24-Jähriger wohnt in Laurens-Spethmann-Häusern in Neu Wulmstorf. Zu wenig Betreuung für erwachsene Behinderte

Neu Wulmstorf. Die Familie Wünsch hat alles aufgegeben. Wohnort, Arbeit, Freunde. Sie haben Berlin gegen Buxtehude getauscht. Die Hauptstadt gegen die Kleinstadt. Aber all das haben sie gerne getan – für ihren Sohn Vincent und für LeA, die Lebens- und Arbeitsgemeinschaft in Neu Wulmstorf.

Lange hatten Petra und Harry Wünsch nach einer geeigneten Unterkunft für ihren 24-jährigen Sohn, der geistig und körperlich behindert ist, gesucht. In ganz Deutschland hatten sie sich umgesehen. Zwar gibt es zahlreiche Betreuungseinrichtungen für Menschen mit Behinderung im Jugendalter. Aber irgendwann werden sie nun einmal erwachsen, und für die reicht das Betreuungsangebot lange nicht aus, musste das Paar feststellen.
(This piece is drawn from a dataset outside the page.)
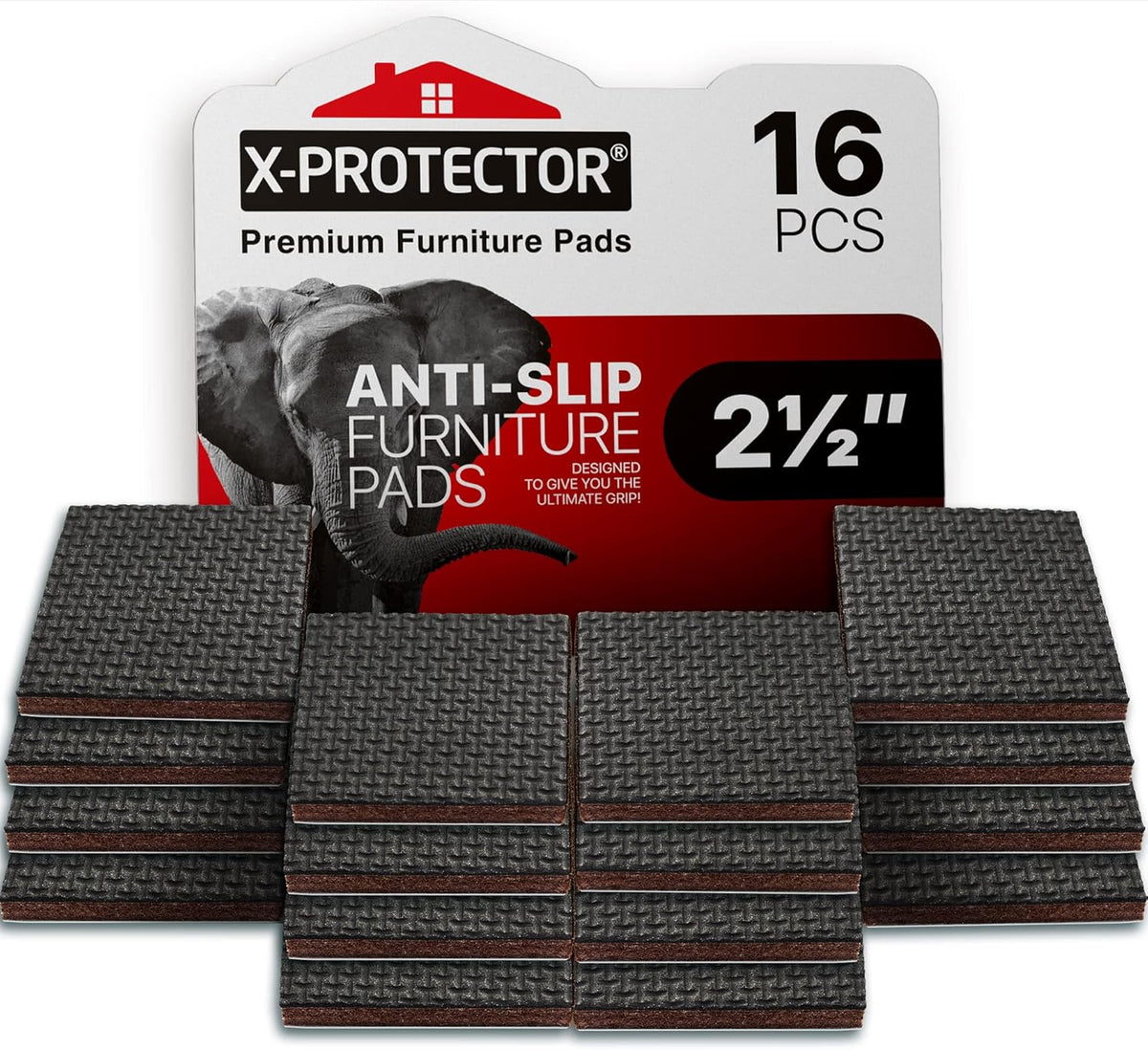 Non Slip Furniture Pads X-PROTECTOR – 16 PCS Furniture Grippers 2 1/2" - Ideal Self-Adhesive Rubber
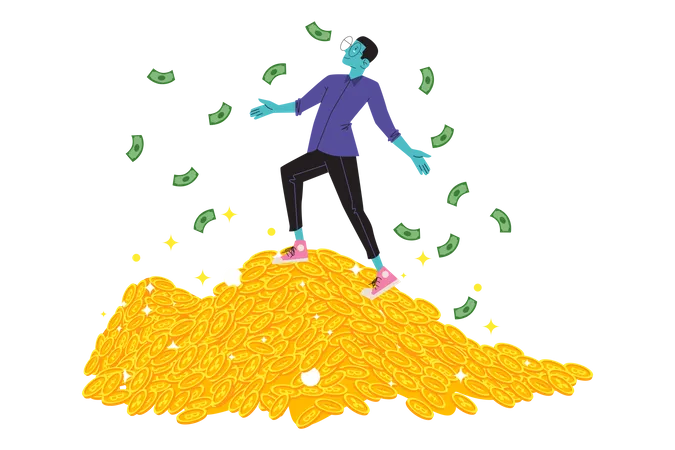 Man with lots of cryptocurrency holdings  Illustration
Für die Eltern, die keine Einrichtung für ihr erwachsenes behindertes Kind finden, ist das Seniorenheim der letzte Ausweg. „Furchtbar“, sagt Harry Wünsch, 65, beim Gedanken daran, seinen Sohn in einen Kreis von 80-Jährigen und Älteren zu geben. Das kam nicht in Frage.

Vincent braucht eine intensive Pflege. Die Ärzte diagnostizierten einen angeborenen Stoffwechsel-Defekt im Hirn und prophezeiten, dass er lediglich sein siebtes Lebensjahr erreichen würde. Da er nur Laute von sich gibt, lassen sich seine Bedürfnisse oft nur erahnen. Aber seine Mutter Petra Wünsch, 54, weiß, was ihr Sohn braucht. 20 Jahre lang hatte sie sich um ihn gekümmert, hat ihn gefüttert, gewaschen, gelegt, massiert. Da er unter einer Skoliose leidet, ist er nicht in der Lage aufrecht zu sitzen und muss in einer Schale im Rollstuhl fixiert werden. Petra Wünsch war drauf und dran, weiter zu machen wie bisher. „Ich habe gesagt, ich pflege ihn, bis ich umkippe“, sagt sie.
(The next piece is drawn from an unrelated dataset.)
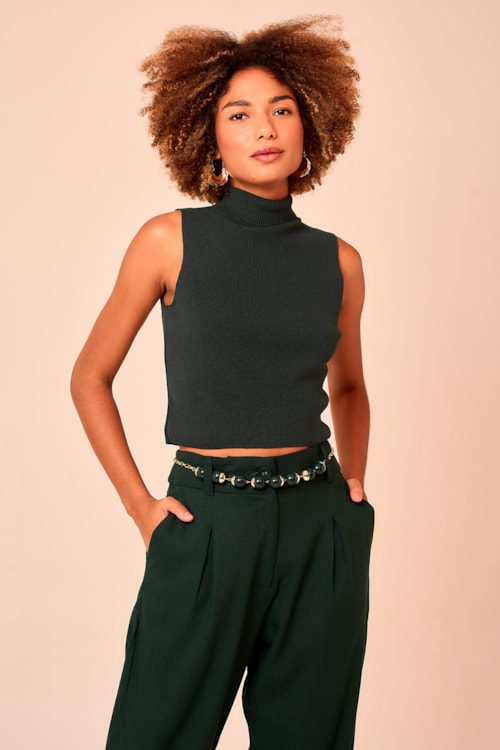 Blusa Gola Alta Verde Selva - foto 1
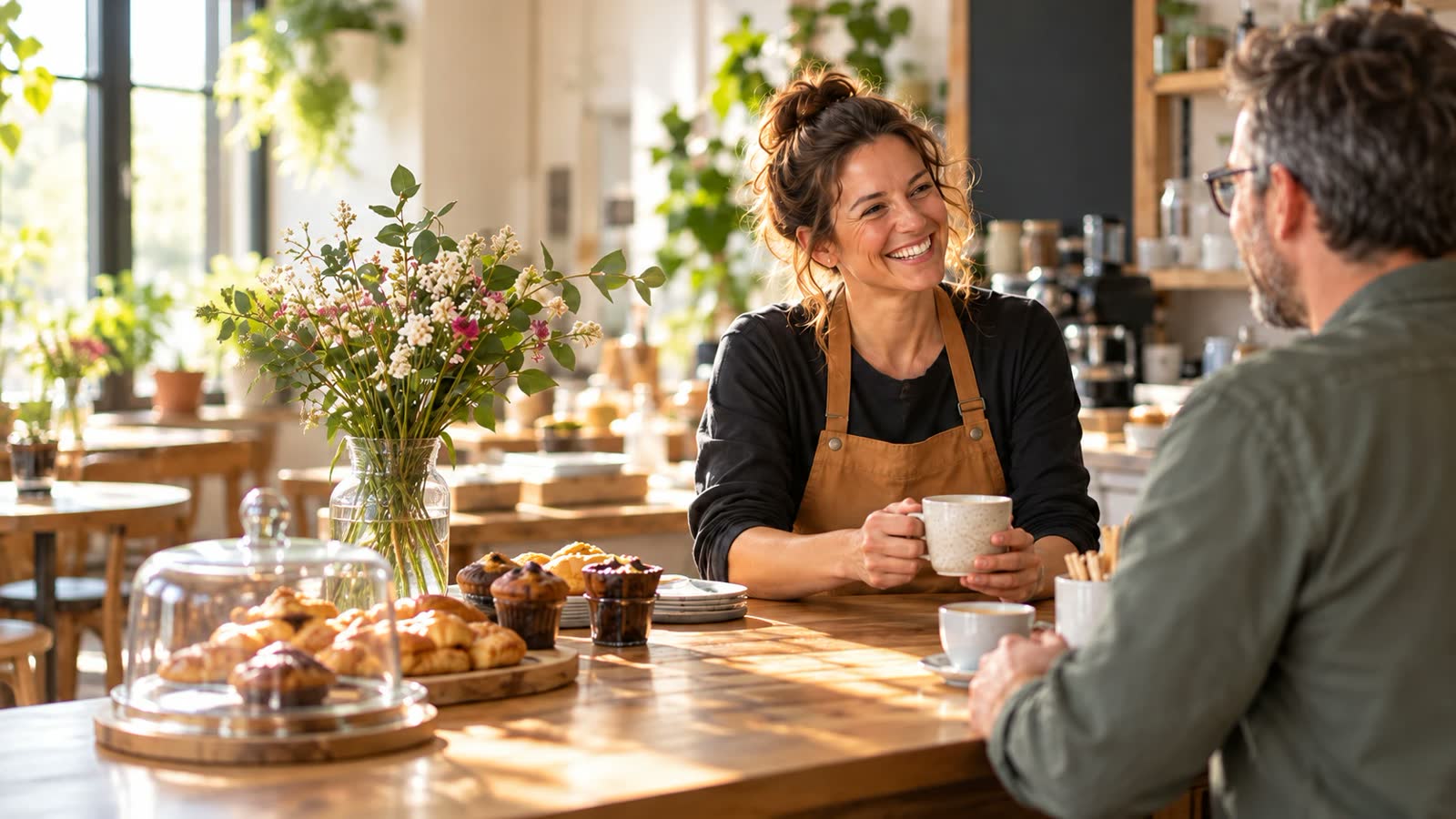 Eine Café-Inhaberin hinter dem Tresen im Gespräch mit ihrem Kunden — warmes Tageslicht, echte Aufmerksamkeit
Aber dann entstand LeA, die integrative Lebens- und Arbeitsgemeinschaft Neu Wulmstorf, die vor drei Jahren die Laurens-Spethmann-Häuser in Neu Wulmstorf baute. Damit war für die Familie Wünsch das neue Zuhause gefunden. Die Entscheidung, von Berlin nach Buxtehude umzuziehen, um in Vincents Nähe sein zu können, war schnell gefällt. „Wir sind glücklich, dass wir ihn hier unterbringen konnten“, sagt der Vater.

Insgesamt 27 erwachsene Menschen mit geistigen und körperlichen Behinderungen leben in der Theodor-Heuss-Straße in Neu Wulmstorf. Auch Schwerst- und Mehrfachbehinderte können hier wohnen, und das macht die Laurens-Spethmann-Häuser zu eine einzigartige Einrichtung im Landkreis Harburg. Dank einer Nachtwache ist die Betreuung über 24 Stunden gewährleistet.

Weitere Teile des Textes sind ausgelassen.